- _Problem description_
The lines you should transcribe are those from the one containing "seyfocnia Backpack Purse" to the end of the listing below, exactly, with pictures left out.

- _Data for review_
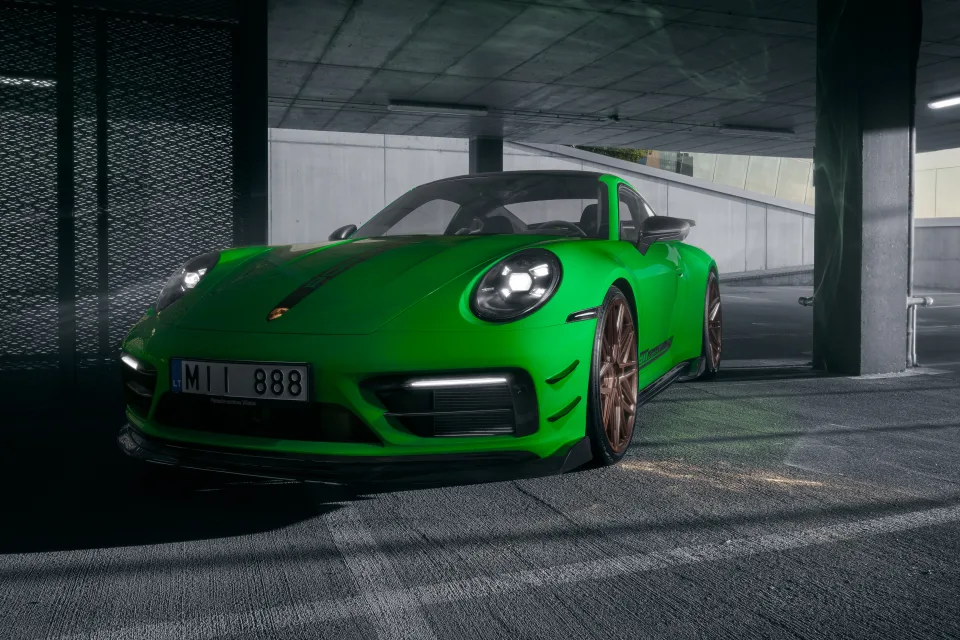 Grün Porsche 911 Carrera T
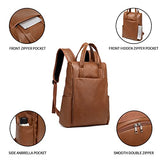seyfocnia Backpack Purse for Women Anti-theft Laptop Backpack Women Mini Small Computer Case Business Work Teacher Backpack-Brown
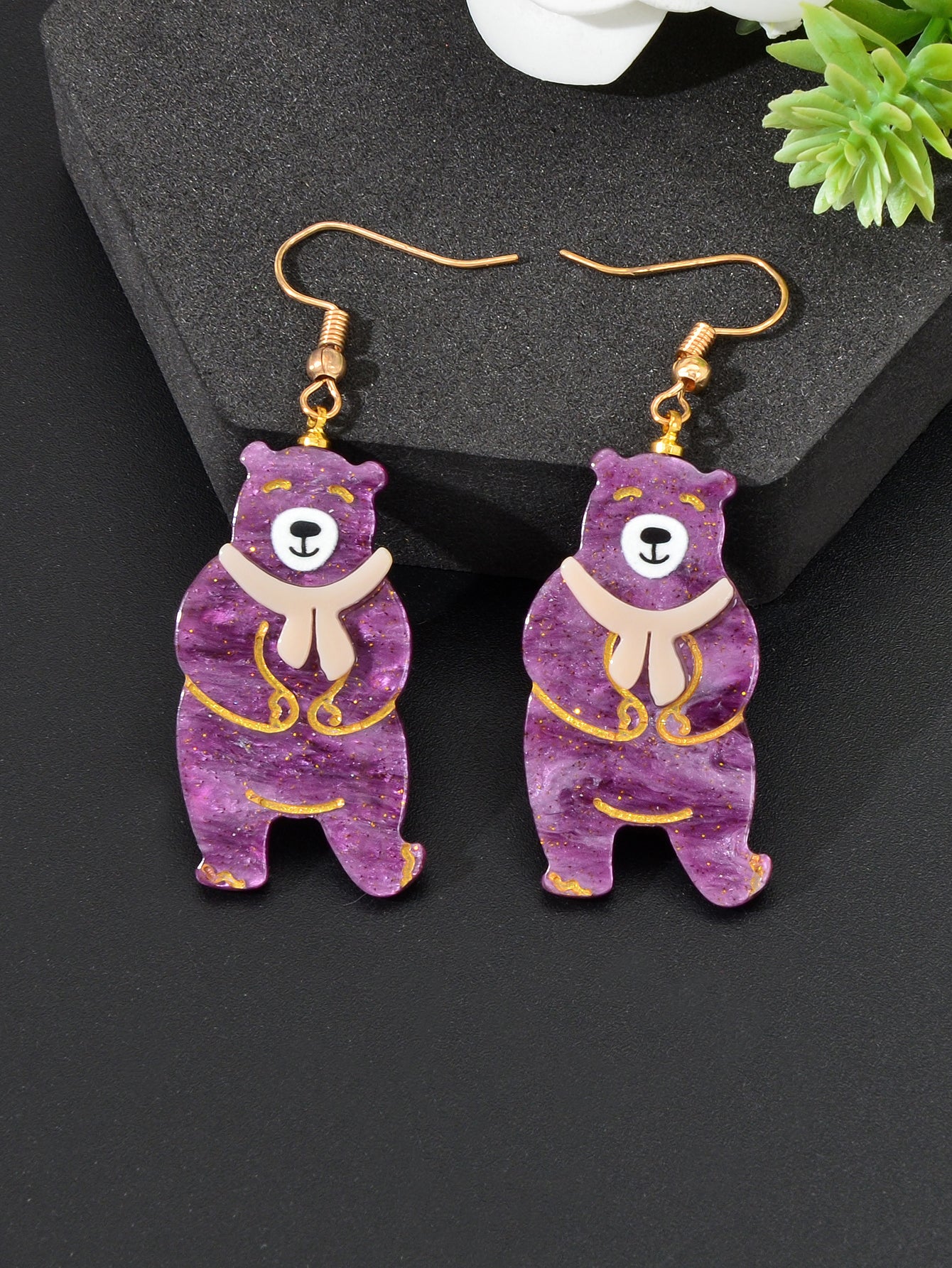 Cute Teddy Bear Pendant Earrings - Adorable Accessories Gift for a Playful Look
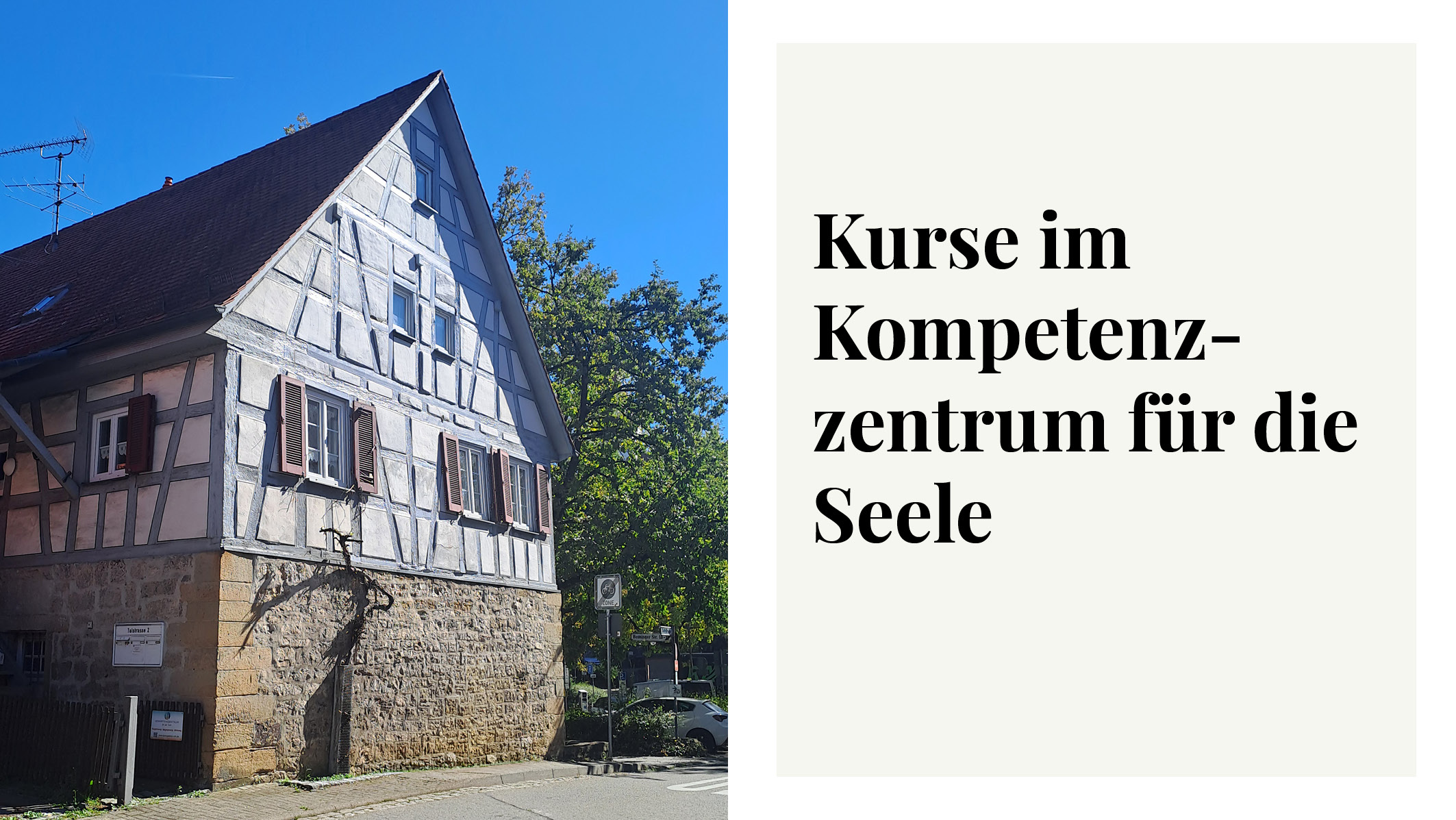 Kurse im Kompetenzzentrum für die Seele – Herbst 2026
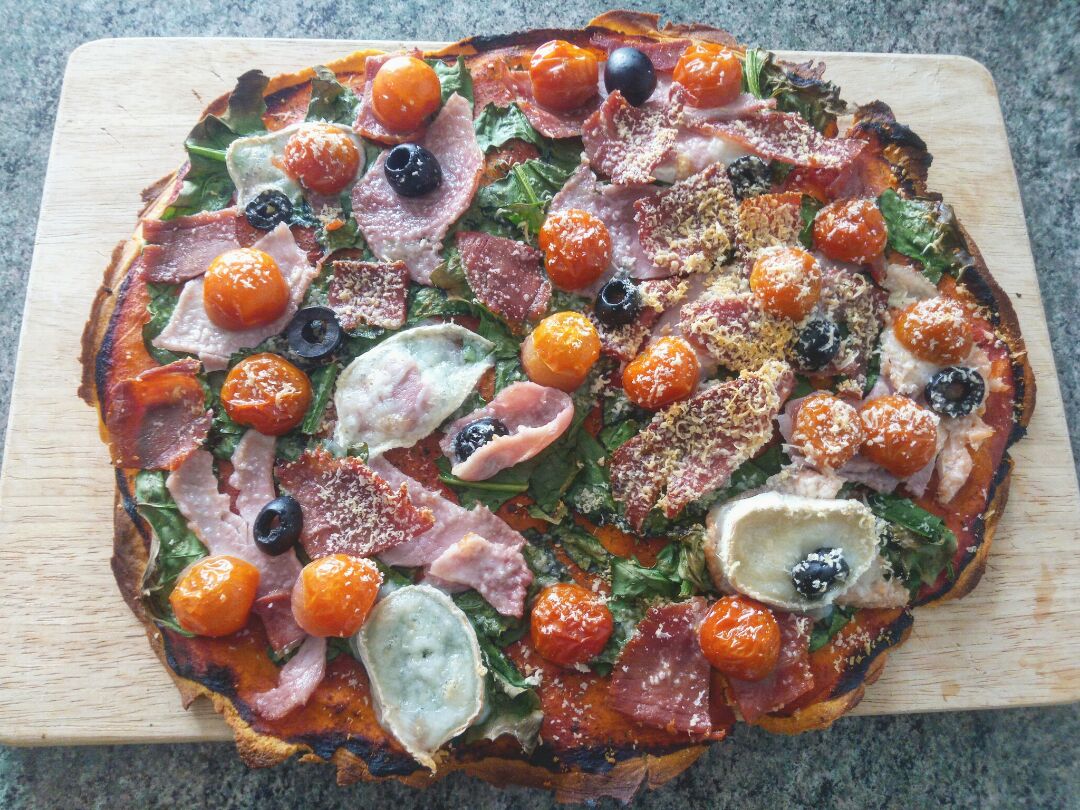 Pizza casera de ma铆z 馃尳 Pizza casera de ma铆z 馃尳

- _Response area_
seyfocnia Backpack Purse for Women Anti-theft Laptop Backpack Women Mini Small Computer Case Business Work Teacher Backpack-Brown
 Cute Teddy Bear Pendant Earrings - Adorable Accessories Gift for a Playful Look
 Kurse im Kompetenzzentrum für die Seele – Herbst 2026
 Pizza casera de ma铆z 馃尳 Pizza casera de ma铆z 馃尳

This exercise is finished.